如果是生产可能要给ingress控制器的pod加上合适的标签并使其匹配networkpolicy规则,这里暂不做展开。
7.自定义CR资源
7.1 ServiceMonitor
常用这个
最简单的
选择器选择当前命名空间含app.kubernetes.io/name: hubble-relay的K8S服务,具名端口(服务的,不能直接写端口号)是metrics,路径是 /metrics,间隔30秒
apiVersion: monitoring.coreos.com/v1
kind: ServiceMonitor
metadata:
name: hubble-relay-service-monitor
namespace: kube-system
labels:
app.kubernetes.io/name: hubble-relay
spec:
selector:
matchLabels:
app.kubernetes.io/name: hubble-relay
endpoints:
- port: metrics
interval: 30s
path: /metrics
跨命名空间的
apiVersion: monitoring.coreos.com/v1
kind: ServiceMonitor
metadata:
name: jmx-service-monitor
namespace: monitoring
labels:
app: jmx-monitor
spec:
endpoints:
- port: jmx
interval: 30s
##多了一个选择器筛选命名空间
namespaceSelector:
matchNames:
- default
selector:
matchLabels:
metrics: jmx
exporter/mertics端点导入须知
具体的使用细节是,要给exporter的服务加上给ServiceMonitor发现的标签如metrics: jmx,或者pod monitor的方式给pod加合适的标签。主要就是要通过标签服务发现
而Exporter如何接入和使用,不在本文的范畴
7.2 PodMonitor
语法类似,这次要求是pod有具名端口http-metrics和路径/metrics,选择器是 同时包含app.kubernetes.io/instance: promtail ,app.kubernetes.io/name: promtail标签
apiVersion: monitoring.coreos.com/v1
kind: PodMonitor
metadata:
name: promtail-pod-monitor
namespace: loki
labels:
app.kubernetes.io/instance: promtail
spec:
selector:
matchLabels:
app.kubernetes.io/instance: promtail
app.kubernetes.io/name: promtail
podMetricsEndpoints:
- path: /metrics
port: http-metrics
interval: 30s
7.3 PrometheusRule
和原本的直接Prometheus rule类似,但可以专门放出来让operator来做聚合和分组,好管理一些
apiVersion: monitoring.coreos.com/v1
kind: PrometheusRule
metadata:
name: node-context-switching-high-rule
namespace: monitoring # 根据实际情况指定namespace
spec:
groups:
- name: node-performance-rules
rules:
- alert: NodeContextSwitchingHigh
expr: rate(node_context_switches_total[5m])/count without(mode,cpu) (node_cpu_seconds_total{mode="idle"}) > 2000
for: 0m
labels:
severity: warning
annotations:
description: "5分钟内平均每核心的上下文切换数超过阈值,value: {{ $value }}"

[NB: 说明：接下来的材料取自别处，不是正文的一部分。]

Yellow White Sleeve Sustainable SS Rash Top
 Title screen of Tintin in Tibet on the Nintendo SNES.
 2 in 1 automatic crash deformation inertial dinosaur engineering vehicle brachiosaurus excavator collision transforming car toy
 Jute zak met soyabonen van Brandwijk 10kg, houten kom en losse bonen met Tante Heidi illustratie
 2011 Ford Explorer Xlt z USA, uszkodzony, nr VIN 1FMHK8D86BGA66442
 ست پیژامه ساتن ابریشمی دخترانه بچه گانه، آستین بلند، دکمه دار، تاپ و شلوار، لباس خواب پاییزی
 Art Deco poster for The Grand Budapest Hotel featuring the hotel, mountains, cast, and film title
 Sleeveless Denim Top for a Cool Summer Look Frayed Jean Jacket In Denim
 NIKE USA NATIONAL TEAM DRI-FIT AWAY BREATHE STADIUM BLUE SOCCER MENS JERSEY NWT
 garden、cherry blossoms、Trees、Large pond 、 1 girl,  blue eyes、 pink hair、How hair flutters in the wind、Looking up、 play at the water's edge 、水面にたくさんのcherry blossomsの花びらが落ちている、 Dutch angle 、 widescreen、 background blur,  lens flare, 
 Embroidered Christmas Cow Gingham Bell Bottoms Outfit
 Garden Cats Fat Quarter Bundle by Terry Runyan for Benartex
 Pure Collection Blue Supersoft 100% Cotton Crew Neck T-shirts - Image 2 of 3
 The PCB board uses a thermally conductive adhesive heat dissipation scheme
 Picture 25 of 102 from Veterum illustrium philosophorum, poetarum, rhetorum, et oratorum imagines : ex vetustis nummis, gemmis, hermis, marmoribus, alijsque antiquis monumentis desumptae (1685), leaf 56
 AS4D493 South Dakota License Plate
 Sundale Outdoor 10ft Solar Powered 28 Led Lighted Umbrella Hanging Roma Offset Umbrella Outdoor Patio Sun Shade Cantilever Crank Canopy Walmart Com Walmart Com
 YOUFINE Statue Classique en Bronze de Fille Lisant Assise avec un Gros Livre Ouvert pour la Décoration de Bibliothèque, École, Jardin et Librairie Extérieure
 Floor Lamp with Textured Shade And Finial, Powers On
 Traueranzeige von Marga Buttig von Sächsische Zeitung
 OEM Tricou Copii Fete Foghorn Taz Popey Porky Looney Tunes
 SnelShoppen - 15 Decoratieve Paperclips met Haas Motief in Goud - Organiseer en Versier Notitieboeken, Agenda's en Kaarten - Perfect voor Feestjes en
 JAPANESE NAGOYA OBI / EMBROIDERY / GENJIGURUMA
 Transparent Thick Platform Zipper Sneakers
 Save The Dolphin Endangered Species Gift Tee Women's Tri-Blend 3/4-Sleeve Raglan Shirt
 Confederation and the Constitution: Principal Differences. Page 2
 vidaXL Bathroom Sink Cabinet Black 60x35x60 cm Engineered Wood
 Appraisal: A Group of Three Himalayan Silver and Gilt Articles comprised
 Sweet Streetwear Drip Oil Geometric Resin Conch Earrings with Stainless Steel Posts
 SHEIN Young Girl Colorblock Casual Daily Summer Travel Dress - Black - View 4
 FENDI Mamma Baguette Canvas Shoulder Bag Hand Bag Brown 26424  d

summary: " 节点CPU上下文切换高 (Instance: {{ $labels.instance }})"
以上三种CR在官方的示例中manifest文件夹中有用到一些,可以参考
7.4 alertmanagerconfig
alertmanager的路由抑制等配置在这个CRD资源进行配置,但是我感觉区别和本来的不大,当然要用它的CR只能这样来做
apiVersion: monitoring.coreos.com/v1alpha1
kind: AlertmanagerConfig
metadata:
name: config-example
labels:
alertmanagerConfig: example
spec:
route:
groupBy: ['job']
groupWait: 30s
groupInterval: 5m
repeatInterval: 12h
receiver: 'webhook'
receivers:
- name: 'webhook'
webhookConfigs:
- url: 'http://example.com/'
7.5 alertmanager
apiVersion: monitoring.coreos.com/v1
kind: Alertmanager
metadata:
labels:
app.kubernetes.io/component: alert-router
app.kubernetes.io/instance: main
app.kubernetes.io/name: alertmanager
app.kubernetes.io/part-of: kube-prometheus
app.kubernetes.io/version: 0.25.0
name: main
namespace: monitoring
spec:
image: quay.io/prometheus/alertmanager:v0.25.0
nodeSelector:
kubernetes.io/os: linux
podMetadata:
labels:
app.kubernetes.io/component: alert-router
app.kubernetes.io/instance: main
app.kubernetes.io/name: alertmanager
app.kubernetes.io/part-of: kube-prometheus
app.kubernetes.io/version: 0.25.0
replicas: 3
resources:
limits:
cpu: 100m
memory: 100Mi
requests:
cpu: 4m
memory: 100Mi
securityContext:
fsGroup: 2000
runAsNonRoot: true
runAsUser: 1000
serviceAccountName: alertmanager-main
version: 0.25.0
7.6 grafana
grafana虽然在kube-operator中有安装,但是没有任何的CRD,但kube-Prometheus也提供了一定的简化配置的方式
7.6.1 数据源
apiVersion: v1
kind: Secret
metadata:
labels:
app.kubernetes.io/component: grafana
app.kubernetes.io/name: grafana
app.kubernetes.io/part-of: kube-prometheus
app.kubernetes.io/version: 9.5.2
name: grafana-datasources
namespace: monitoring
stringData:
datasources.yaml: |-
{
"apiVersion": 1,
"datasources": [
{
"access": "proxy",
"editable": false,
"name": "prometheus",
"orgId": 1,
"type": "prometheus",
"url": "http://prometheus-k8s.monitoring.svc:9090",
"version": 1
}
],
}
type: Opaque
除了默认的Prometheus,也可以按需预配置数据源,如loki,或者考虑在grafana安装客户端后,链接mysql,redis等
7.6.2 dashboard相关
这三个资源结合也可以配置预置的grafana dashboard
由于文件都比较 长,这里不贴了
讲解以下具体怎么做。具体的流程如下
grafana-dashboardDefinitions.yaml
主要放dashboard的json定义,根据原本就有的参考一下放进去即可,就是需要注意缩进,可以参考的步骤是
kubectl create configmap 名字 -n monitor然后拿着生成的configmap放到这里面
因为最后面是根据configmap的名字做后面的引用的
至于json模板的来源,可以从grafana dashboard下,也可以是自己的模板,能在grafana导入的这里肯定也能用。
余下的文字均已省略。